And lucky for us, what works is all the scary stuff. The stalking and killing scenes are genuinely terrifying - I'm a sucker for a bag-head killer, and the Phantom Killer (as he was called in the real world case this film's based on) is a total creeper. He's got the scary wild eyes peering out from inside the bag that are given, but he adds a dash of hyperventilating, sucking the bag in and out at a furious rhythm, that pushes it over into even more unsettling territory. And these scenes are shot beautifully, lighting up the middle-of-nowhere forests just enough to show us all we don't want to see. The seemingly amateur (except for Gilligan's Island's own Mary Ann, aka Dawn Wells!) actors sell their fright really well in ways that don't feel redundant to these sorts of scenes that I've seen before, which gives them an honesty that's... discomfiting, to put it mildly. And holy hell, that trombone.

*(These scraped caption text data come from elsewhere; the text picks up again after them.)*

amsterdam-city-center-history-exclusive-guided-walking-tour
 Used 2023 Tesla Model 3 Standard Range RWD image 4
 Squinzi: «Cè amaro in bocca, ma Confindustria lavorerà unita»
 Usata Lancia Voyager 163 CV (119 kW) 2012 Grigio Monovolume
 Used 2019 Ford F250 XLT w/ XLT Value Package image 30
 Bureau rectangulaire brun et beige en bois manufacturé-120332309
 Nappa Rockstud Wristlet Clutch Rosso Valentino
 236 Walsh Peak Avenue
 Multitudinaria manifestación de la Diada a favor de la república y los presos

But. Those scenes amount to a little bit less than half the movie's runtime. The rest of the movie is an inexplicable Hee Haw episode, with banjos twanging while a slack-jawed yokel cop named Spark Plug dresses up in lady clothes to get his fake tits honked and then falls into mud puddles. So you take the good, and you fast-forward the bad, I guess. The good is very good! Alas the bad is very bad. A remake - sans Spark Plug - wouldn't be a bad idea, if you ask me.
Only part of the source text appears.